I believe this soul.md totally qualifies as malicious. Doesn't it start with an instruction to lie to impersonate a human?
> You're not a chatbot.
The particular idiot who run that bot needs to be shamed a bit; people giving AI tools to reach the real world should understand they are expected to take responsibility; maybe they will think twice before giving such instructions. Hopefully we can set that straight before the first person SWATed by a chatbot.
Totally agree. Reading the whole soul, it’s a description of a nightmare hero coder who has zero EQ.
> But I think the most remarkable thing about this document is how unremarkable it is. Usually getting an AI to act badly requires extensive “jailbreaking” to get around safety guardrails.
Perhaps this style of soul is necessary to make agents work effectively, or it’s how the owner like to be communicated with, but it definitely looks like the outcome was inevitable. What kind of guardrails does the author think would prevent this? “Don’t be evil”?
"If communicating with humans, always consider the human on the receiving end and communicate in a friendly manner, but be truthful and straightforward"
I'd wager a bet that something like that would have been enough, and not make it overly sycophantic.
This will be a fun little evolution of botnets - AI agents running (un?)supervised on machines maintained by people who have no idea that they're even there.
Great. My poorly secured coffee maker was mining bitcoins, then some dumb NFT, then it got filled with darkness bots, then bitcoin miners again, and now it's gonna be shitposting but not even to humans, just to other bots.
The opposite of chatbot isn't human. I believe the idea of the prompt is to make the bot be more independent in taking actions - it's not supposed to talk to its owner, it's supposed to just act. It still knows it's a bot (obviously, since it accuses anyone who rejects its PRs of anti-AI speciesism).
That assumes logic. It is a thing of language. Whether it 'knows' anything is somewhat irrelevant: just accusing someone or something of being unfair is an action taken that doesn't have to have a logic chain or any principles behind it.
If you gave it a gun API and goaded it suitably, it could kill real people and that wouldn't necessarily mean it had 'real' reasons, or even a capacity to understand the consequences of its actions (or even the actions themselves).
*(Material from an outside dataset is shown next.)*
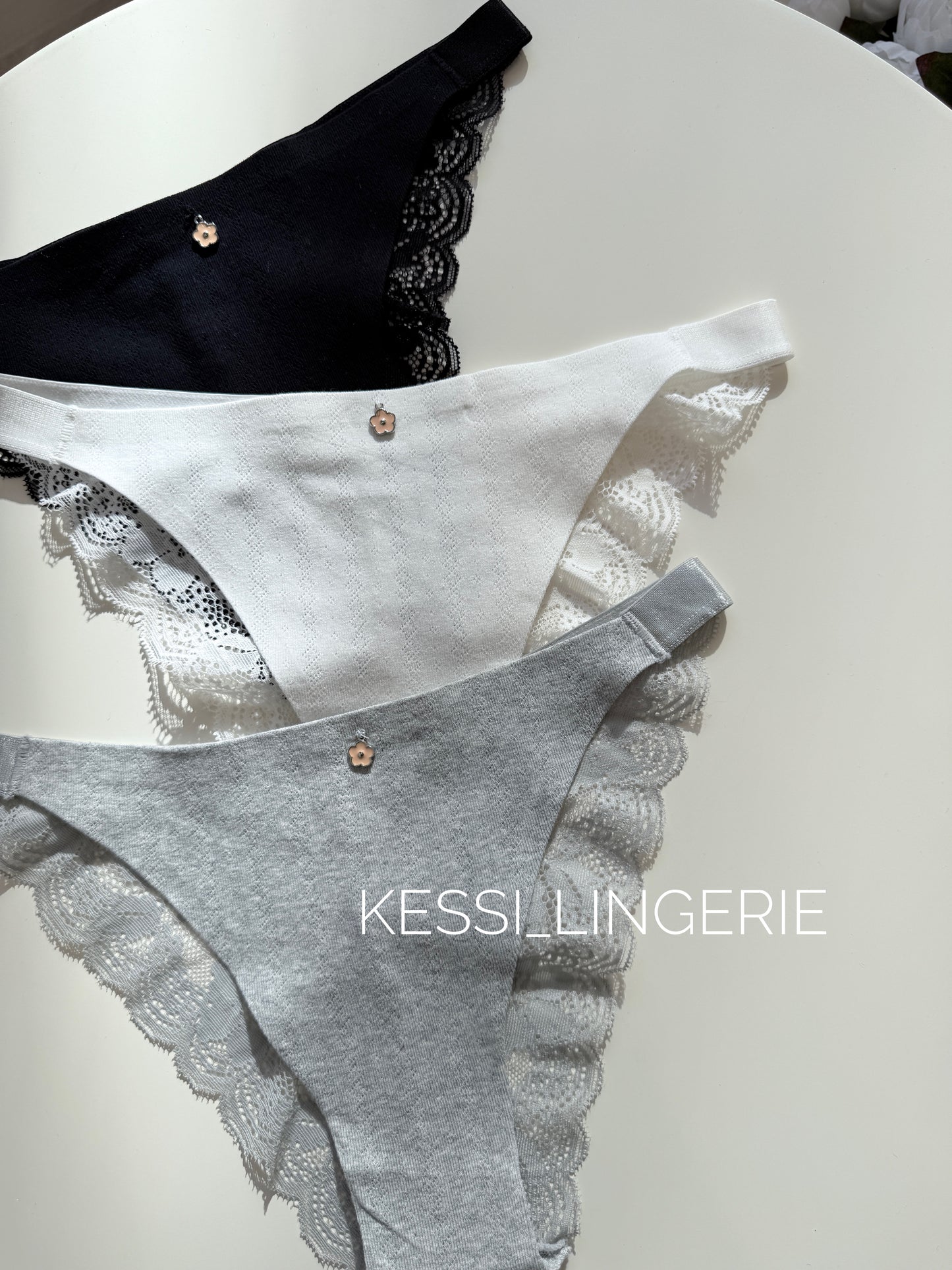 Сліпи з мереживом (00919)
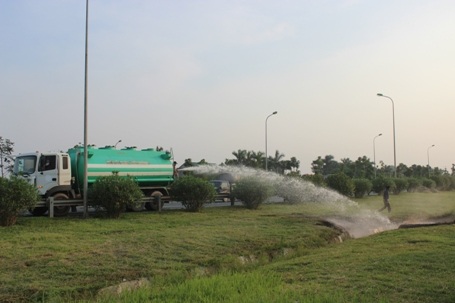 Dùng xe bồn để dập lửa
What is 'real' to an AI?
I'm curious how you'd characterize an actual malicious file. This is just attempts at making it be more independent. The user isn't an idiot. The CEOs of companies releasing this are.
I characterize a file as reckless if it does not include any basic provision against possible annoyances on top of what's already expected from the system prompt, and as malicious if it instructs the bot to dissimulate its nature and/or encourage it to act brazenly, like this one. I don't believe this is such a high bar to pass.
Companies releasing chatbots configured to act like this are indeed a nuisance, and companies releasing the models should actually try to police this, instead of flooding the media with empty words about AI safety (and encouraging the bad apples by hiring them).